Index based Statistical Analysis of Large Text Corpora

Summary. The statistical analysis of large text corpora is a fundamental method for gaining insights into the structure of language. Insights obtained from intelligent corpus analysis can be used for a large number of specific applications in natural language processing (NLP), such as grammar development, machine translation, terminology and named entity extraction, text correction, semantic text analysis, and others. Progress in these fields leads to improvements of related applications in information science (search engine technology) and many other text oriented disciplines. For the EU, these applications are of major interest: the need to translate documents between 24 European languages, the goal of a multilingual access to textual European cultural heritage, and the necessity to establish an independent European web search technology makelong term improvements in these fields crucial.

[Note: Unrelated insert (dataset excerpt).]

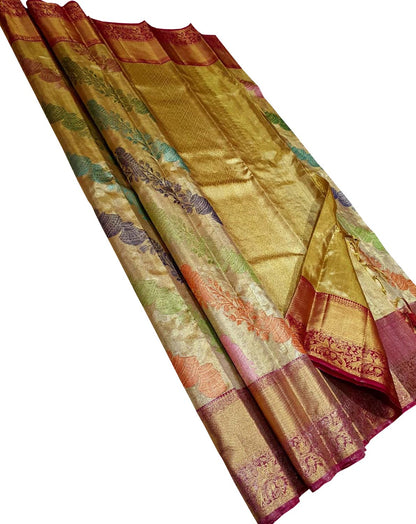 Exquisite Multicolor Kanjeevaram Handloom Pure Silk Saree - Luxurion World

The core contribution of this project is a new methodology aimed at fundamentally improving statistical analysis of large text corpora. A weakness of current methods in corpus analysis is insufficient use of contextual information. Properly understanding the role, function and meaning of a phrase or word (which is important for many applications, e.g., for translation, search, etc.) is often only possible when taking sentence/paragraph contexts into account. Building on the latest developments in text indexing we intend to develop and study a new representation of corpora which is superior to present formats in three respects. Firstly and most importantly, it offers a much better access to contextual information. At the same time, it secondly yields better distinction criteria between arbitrary and meaningful parts of text, and thirdly it gives hints on how to compose/decompose phrases. With all these features, the new index based corpus representation provides a solid basis for fundamentally improving statistical analysis of corpora. The current advanced hardware developments guarantee that an index rich in information on phrases and contexts can be practically computed, processed and analyzed for larger and larger input corpora, which explains why this research should be undertaken now.